How many lines of the data contain the string "clouds"? Write the number and nothing more.

**The records:**
⁂

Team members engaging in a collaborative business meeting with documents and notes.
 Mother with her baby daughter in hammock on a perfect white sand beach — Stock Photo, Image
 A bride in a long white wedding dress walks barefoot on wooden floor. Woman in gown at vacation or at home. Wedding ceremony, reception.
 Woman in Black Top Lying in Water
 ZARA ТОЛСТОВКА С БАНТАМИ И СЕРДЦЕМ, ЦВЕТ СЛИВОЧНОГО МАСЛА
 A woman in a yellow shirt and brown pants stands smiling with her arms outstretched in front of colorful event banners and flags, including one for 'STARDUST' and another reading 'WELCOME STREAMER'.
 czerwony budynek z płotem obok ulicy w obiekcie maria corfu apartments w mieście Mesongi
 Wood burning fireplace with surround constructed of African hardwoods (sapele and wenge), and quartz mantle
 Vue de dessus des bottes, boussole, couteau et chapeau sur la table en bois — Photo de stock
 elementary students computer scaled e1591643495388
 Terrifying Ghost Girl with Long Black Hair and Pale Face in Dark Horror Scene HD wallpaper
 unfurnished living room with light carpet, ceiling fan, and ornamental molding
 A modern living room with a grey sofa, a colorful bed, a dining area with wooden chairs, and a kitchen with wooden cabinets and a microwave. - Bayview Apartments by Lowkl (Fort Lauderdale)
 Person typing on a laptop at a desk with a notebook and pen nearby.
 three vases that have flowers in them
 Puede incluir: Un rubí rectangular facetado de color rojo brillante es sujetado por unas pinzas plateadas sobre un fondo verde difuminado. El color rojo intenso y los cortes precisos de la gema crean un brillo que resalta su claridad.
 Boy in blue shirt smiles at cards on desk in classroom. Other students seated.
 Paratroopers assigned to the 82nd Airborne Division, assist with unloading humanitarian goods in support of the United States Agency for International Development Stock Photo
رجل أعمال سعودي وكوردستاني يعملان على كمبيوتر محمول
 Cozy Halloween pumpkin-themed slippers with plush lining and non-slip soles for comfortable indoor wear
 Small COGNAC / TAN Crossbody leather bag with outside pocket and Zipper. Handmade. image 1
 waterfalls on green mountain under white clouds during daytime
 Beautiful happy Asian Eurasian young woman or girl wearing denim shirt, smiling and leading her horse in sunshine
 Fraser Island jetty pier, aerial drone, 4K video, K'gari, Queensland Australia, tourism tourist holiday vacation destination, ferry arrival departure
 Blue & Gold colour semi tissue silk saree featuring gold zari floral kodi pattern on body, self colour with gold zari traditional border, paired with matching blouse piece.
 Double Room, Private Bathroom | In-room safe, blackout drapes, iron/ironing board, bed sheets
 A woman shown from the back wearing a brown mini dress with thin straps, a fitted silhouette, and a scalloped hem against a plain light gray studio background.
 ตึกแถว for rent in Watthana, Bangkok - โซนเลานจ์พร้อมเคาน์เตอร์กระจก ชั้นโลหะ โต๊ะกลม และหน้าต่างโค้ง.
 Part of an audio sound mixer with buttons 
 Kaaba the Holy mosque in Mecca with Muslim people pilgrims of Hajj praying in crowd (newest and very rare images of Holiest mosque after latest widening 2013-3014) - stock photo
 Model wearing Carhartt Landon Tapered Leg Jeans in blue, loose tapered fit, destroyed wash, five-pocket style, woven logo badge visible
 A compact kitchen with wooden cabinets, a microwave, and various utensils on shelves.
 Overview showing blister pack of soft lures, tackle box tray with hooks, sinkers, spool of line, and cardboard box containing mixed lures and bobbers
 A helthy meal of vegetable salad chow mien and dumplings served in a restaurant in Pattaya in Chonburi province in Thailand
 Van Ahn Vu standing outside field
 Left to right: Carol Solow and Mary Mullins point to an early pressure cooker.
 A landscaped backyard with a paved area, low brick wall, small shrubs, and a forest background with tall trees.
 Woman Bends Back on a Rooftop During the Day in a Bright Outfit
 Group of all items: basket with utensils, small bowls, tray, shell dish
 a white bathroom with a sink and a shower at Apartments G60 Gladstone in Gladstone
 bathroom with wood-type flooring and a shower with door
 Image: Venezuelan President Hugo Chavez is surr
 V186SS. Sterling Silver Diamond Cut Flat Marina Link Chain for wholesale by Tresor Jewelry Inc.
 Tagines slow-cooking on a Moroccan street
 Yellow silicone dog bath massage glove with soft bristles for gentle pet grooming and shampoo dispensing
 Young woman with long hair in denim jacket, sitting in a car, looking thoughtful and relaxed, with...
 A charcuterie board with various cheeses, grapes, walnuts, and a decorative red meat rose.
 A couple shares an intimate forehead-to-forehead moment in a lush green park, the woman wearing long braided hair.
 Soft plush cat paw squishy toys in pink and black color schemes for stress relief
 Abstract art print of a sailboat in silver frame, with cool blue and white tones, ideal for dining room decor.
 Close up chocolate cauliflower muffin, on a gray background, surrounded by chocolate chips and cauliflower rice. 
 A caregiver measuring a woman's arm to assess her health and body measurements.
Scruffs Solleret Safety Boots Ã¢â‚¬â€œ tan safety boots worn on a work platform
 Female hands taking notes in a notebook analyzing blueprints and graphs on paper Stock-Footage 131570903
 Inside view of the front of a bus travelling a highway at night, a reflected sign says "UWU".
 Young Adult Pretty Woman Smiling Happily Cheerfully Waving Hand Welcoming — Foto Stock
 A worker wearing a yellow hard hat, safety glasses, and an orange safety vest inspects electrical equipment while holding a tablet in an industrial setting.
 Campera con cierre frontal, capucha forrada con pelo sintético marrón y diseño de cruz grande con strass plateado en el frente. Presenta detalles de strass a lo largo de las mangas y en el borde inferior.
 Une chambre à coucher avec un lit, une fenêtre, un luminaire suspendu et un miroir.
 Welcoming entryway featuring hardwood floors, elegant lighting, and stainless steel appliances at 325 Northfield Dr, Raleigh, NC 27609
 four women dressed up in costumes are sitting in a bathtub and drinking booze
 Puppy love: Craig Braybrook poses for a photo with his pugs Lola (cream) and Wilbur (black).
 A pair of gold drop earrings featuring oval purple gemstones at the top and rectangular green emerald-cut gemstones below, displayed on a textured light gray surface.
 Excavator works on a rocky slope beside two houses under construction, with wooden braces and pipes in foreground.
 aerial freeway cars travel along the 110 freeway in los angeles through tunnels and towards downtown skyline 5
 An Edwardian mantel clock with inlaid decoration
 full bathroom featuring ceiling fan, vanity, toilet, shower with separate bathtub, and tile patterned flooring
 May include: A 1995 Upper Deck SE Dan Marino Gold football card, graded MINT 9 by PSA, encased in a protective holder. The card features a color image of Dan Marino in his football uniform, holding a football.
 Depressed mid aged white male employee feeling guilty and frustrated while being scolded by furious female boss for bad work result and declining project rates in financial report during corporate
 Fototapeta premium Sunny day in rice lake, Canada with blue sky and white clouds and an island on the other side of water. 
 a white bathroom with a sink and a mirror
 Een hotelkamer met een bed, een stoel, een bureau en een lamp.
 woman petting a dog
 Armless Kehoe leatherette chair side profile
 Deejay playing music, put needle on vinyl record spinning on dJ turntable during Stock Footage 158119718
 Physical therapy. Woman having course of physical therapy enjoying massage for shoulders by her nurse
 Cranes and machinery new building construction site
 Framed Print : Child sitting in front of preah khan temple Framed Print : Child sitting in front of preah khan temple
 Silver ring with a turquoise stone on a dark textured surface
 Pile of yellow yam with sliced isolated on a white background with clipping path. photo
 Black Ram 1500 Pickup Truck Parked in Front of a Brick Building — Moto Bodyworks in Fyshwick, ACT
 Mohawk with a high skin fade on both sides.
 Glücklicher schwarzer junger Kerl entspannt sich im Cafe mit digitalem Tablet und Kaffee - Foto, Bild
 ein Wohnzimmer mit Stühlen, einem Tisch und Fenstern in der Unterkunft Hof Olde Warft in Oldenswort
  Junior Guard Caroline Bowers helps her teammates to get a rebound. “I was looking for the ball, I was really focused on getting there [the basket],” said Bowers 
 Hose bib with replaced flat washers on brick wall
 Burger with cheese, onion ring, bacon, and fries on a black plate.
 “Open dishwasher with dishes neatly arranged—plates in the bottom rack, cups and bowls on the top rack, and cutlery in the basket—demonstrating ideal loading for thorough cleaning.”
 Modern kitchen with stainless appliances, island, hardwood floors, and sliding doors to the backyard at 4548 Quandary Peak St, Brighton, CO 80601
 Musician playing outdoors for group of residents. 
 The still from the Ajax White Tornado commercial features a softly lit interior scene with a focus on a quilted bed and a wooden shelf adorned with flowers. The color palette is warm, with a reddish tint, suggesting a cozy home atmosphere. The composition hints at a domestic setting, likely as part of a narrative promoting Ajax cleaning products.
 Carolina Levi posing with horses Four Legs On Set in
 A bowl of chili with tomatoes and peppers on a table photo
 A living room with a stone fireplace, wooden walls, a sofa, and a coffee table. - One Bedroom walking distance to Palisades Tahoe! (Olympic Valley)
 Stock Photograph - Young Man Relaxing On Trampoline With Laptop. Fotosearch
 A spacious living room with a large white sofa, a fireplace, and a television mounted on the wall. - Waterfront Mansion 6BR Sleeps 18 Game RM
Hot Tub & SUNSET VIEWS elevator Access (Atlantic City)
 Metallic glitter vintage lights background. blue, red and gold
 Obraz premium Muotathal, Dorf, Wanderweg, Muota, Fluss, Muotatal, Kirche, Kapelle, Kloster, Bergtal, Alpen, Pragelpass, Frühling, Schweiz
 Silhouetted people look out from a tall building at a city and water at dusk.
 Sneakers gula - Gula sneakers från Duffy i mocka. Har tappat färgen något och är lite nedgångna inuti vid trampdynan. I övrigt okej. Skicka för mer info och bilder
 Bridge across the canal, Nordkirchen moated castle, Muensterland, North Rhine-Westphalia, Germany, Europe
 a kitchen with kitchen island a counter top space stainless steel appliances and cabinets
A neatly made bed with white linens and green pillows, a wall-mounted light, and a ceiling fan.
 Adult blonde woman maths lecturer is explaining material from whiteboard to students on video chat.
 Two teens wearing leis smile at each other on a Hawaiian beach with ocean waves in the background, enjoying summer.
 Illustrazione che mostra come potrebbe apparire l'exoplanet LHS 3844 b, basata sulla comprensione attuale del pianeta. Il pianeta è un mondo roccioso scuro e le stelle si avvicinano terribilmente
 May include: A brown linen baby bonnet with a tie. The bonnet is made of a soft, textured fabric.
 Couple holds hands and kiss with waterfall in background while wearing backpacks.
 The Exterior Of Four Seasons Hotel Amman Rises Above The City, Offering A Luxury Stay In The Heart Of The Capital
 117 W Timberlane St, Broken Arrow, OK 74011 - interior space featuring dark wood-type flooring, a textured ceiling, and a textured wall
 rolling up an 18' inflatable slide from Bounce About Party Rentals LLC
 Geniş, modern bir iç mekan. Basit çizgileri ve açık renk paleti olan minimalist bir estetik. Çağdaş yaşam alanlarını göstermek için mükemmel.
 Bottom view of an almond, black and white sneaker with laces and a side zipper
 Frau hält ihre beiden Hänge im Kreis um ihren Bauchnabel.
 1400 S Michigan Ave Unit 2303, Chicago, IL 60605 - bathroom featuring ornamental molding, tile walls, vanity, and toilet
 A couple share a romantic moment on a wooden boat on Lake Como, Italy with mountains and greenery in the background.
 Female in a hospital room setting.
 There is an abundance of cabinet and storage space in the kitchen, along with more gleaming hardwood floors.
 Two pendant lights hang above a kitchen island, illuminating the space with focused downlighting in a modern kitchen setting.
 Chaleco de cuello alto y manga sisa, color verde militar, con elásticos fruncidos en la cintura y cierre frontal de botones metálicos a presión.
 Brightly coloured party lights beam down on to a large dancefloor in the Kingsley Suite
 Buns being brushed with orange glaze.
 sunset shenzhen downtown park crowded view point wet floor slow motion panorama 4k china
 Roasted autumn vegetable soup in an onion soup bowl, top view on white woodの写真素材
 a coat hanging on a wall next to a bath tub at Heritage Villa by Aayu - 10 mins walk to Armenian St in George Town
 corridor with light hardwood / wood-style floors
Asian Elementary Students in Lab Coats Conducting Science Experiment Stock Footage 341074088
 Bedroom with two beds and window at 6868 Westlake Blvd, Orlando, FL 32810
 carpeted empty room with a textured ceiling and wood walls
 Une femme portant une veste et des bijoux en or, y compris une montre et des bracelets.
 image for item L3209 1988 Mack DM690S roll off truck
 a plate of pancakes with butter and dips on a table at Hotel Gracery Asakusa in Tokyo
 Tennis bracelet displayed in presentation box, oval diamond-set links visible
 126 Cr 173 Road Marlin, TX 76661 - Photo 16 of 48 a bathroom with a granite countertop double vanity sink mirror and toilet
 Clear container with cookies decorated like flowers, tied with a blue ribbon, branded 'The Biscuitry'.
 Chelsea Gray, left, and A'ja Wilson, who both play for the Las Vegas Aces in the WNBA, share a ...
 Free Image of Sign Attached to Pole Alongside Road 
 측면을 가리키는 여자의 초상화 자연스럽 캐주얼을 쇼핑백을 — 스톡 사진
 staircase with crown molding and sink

⁂

**Response below:** 2